Dh and I live in a four bed with some land. We bought it cheap in a v. rural area and spent a decade fixing it up to make it nice for ourselves, and sacrificed quite a bit to pay off the mortgage and do the DIY. After a lot of sweat equity on our part, it looks beautiful now. I don’t feel guilty owning my home. I don’t feel guilty working very part time and quasi-retiring early after putting off a lot of fun things in my life and painting walls, and stripping floors and furniture on the weekends. I ignore people who say we are selfish to have ‘all this room’. We all make our life choices.

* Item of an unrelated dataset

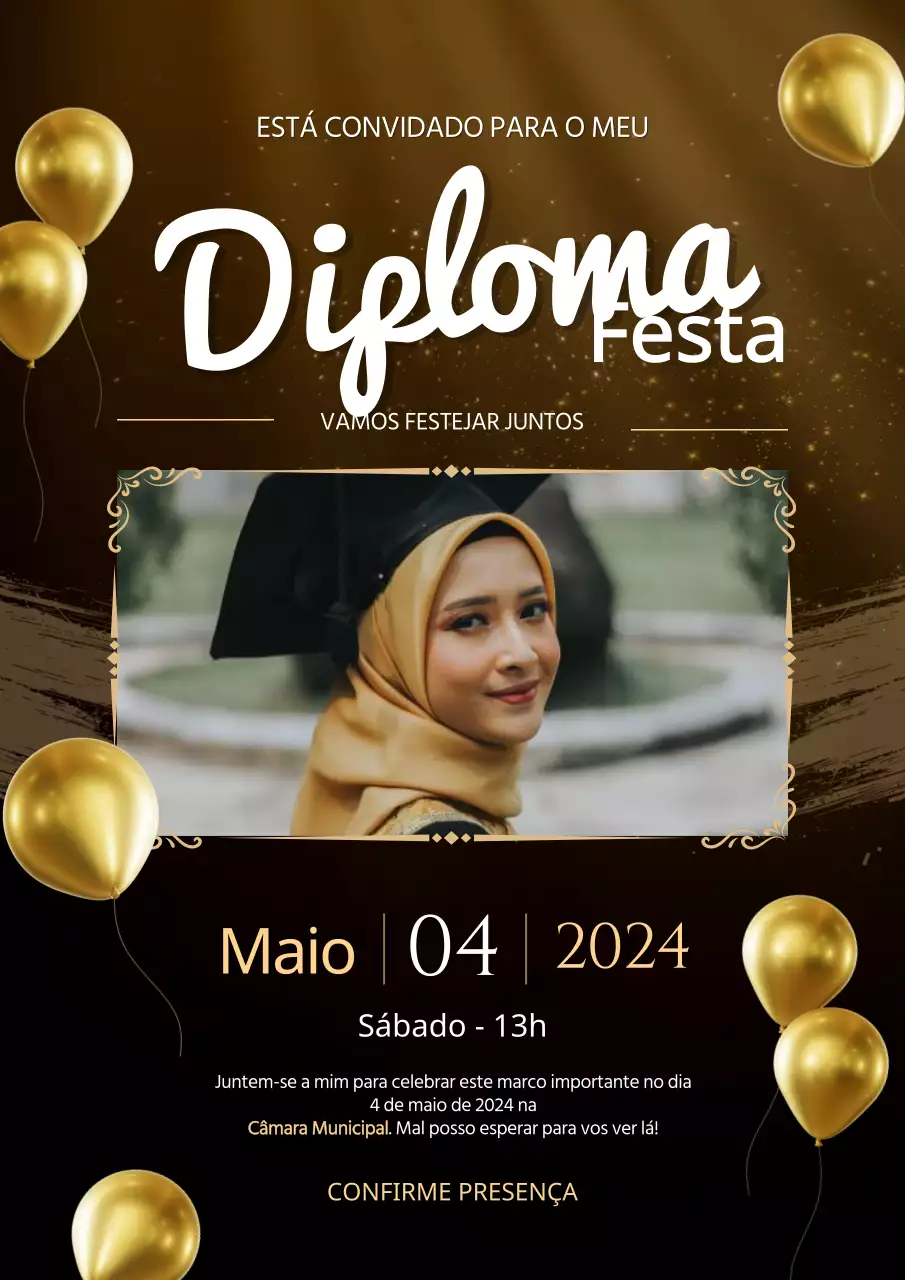 Convite de formatura dourado e elegante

My brother did think because he had kids and I didn’t, I didn’t deserve my inheritance from my father and spent several years trying to prevent me from having it, but when it was time for him to sell my dad’s land, the probate court thought otherwise, and I received my share. I was told I was selfish, etc., and he tried to impose a bunch of administration fees. Again the court said otherwise. I just ignored his protestations, esp because he always made much more money than me, lives in a nicer house, had expensive holidays, etc and thus treated me as a lesser being to be pitied and who didn’t deserve anything good. He conveniently forgot that I helped raise him and basically ran the house because my mum was ill throughout my childhood. My dad wanted to recognise that in giving us equal share even though I didn’t have kids.
He’s now upset he has to work till he is 65, and I have quasi retired in my 50s. I told him that he’ll have the pleasure of grandkids, he’s had the pleasure of 50K cars and a McMansion all these years, and I made the choice instead of a fixer upper, no car, and no children, and saving my money. Now I have a nice house, money in the bank and a decent pension and my leisure. I’ve had to save more money because I won’t have kids to look after me when I get old, and I just took a little longer to prosper because I was in grad school for a long time for my chosen line of work. Slow and steady. We all make our life choices.
People can fight each other over whether they have kids or not. Neither state of being is better than the other. They each have their own costs and benefits. They are just life choices. Isn’t it wonderful that women now have this choice to decide if they wish to parent or no?